Wide stance deads, 505 timing, did em sumo style with 275:
5, 5, 5, 5, 5

Leg Curls, 801 timing, these hurt!  50 pounds:
5, 5, 5, 5, 5

Then calves.

My legs are looking better and more cut already!


----------



## Fade (Sep 11, 2002)

Yeah, sorry.

I do deads on back day and don't want to change it.

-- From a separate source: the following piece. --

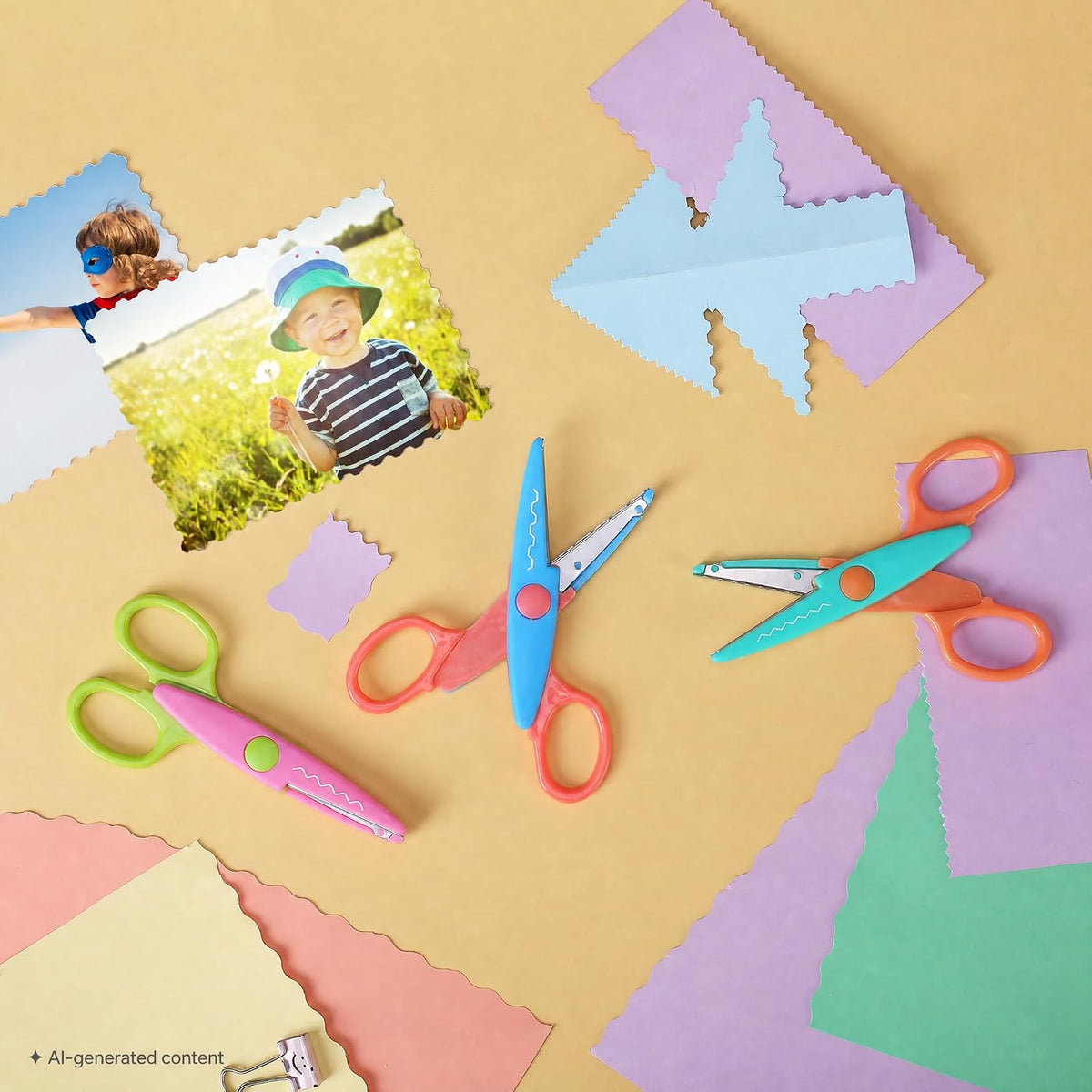 Craft Scissors Decorative Edge, 6 Pack, Bright Zig Zag Scissors | for Crafting, Scrapbooking, Fancy Pattern Design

I also miss the heavy weights.


----------



## Twin Peak (Sep 19, 2002)

> _*Originally posted by Twin Peak *_
> I did day one Phase two today:
> 
> Front Squats w/ 225 (went REAL deep, below parallel, way below)
> ...



Just so you could see the improvement:

DAY TWO -- Phase two:

Front Squats w/ 245 (went REAL deep, below parallel, way below)
5, 5, 5, 4, 4 Ouch on the front delts!

Wide stance deads, 505 timing, did 'em sumo style with 315:
5, 5, 5, 4, 4

Leg Curls, 801 timing, these hurt! 60 pounds:
4, 4, 4, 4, 4

Then calves.  This was all Yesterday morning.  I didn't feel so hot after, I think it was the low carbs the 2 days before.  So yesterday I had some carbs!  Legs hurt today!


----------



## Twin Peak (Sep 30, 2002)

DAY THREE -- Phase two:

Did it Friday, you can see my legs are really starting to get stronger, compare to above.  And I can see my legs making some real improvements.

Front Squats w/ 255 (went REAL deep, below parallel, way below)
5

So I made it 275 for sets 2-4,
5, 5, 4

And did last set at 255 for 5, felt light!

Wide stance deads, did 'em sumo style with 315:
5, 5, 5, 5, 5

Leg Curls, 801 timing, these hurt! 70 pounds:
4, 4, 4, 4, 4

Then calves.


----------



## Twin Peak (Sep 30, 2002)

I am know I am in this on my own now but I (leg) press on!


----------



## nikegurl (Sep 30, 2002)

you're not all alone!  the ladies are with you and we're still watching!  that's awesome that you're getting so much stronger!

are you looking forward to phase 3 yet?


----------



## Twin Peak (Sep 30, 2002)

Thanks NG -- means all the difference.  I am actually enjoying phase 2 and parts of phase 3 look odd, but yes.

What I like most is that I have learned quite a bit.  Its the little things.  Never done a 1 1/4 rep and I liked those for curls.  I also like slow 801 cadence for curls.  I also like the front squat -- I like how I can get REALLY deep and will do probably 2 sets either before or after my heavy back squats.


----------



## butterfly (Sep 30, 2002)

Yeah... we haven't forgotten you TP!!!  You're still tops on our list!


----------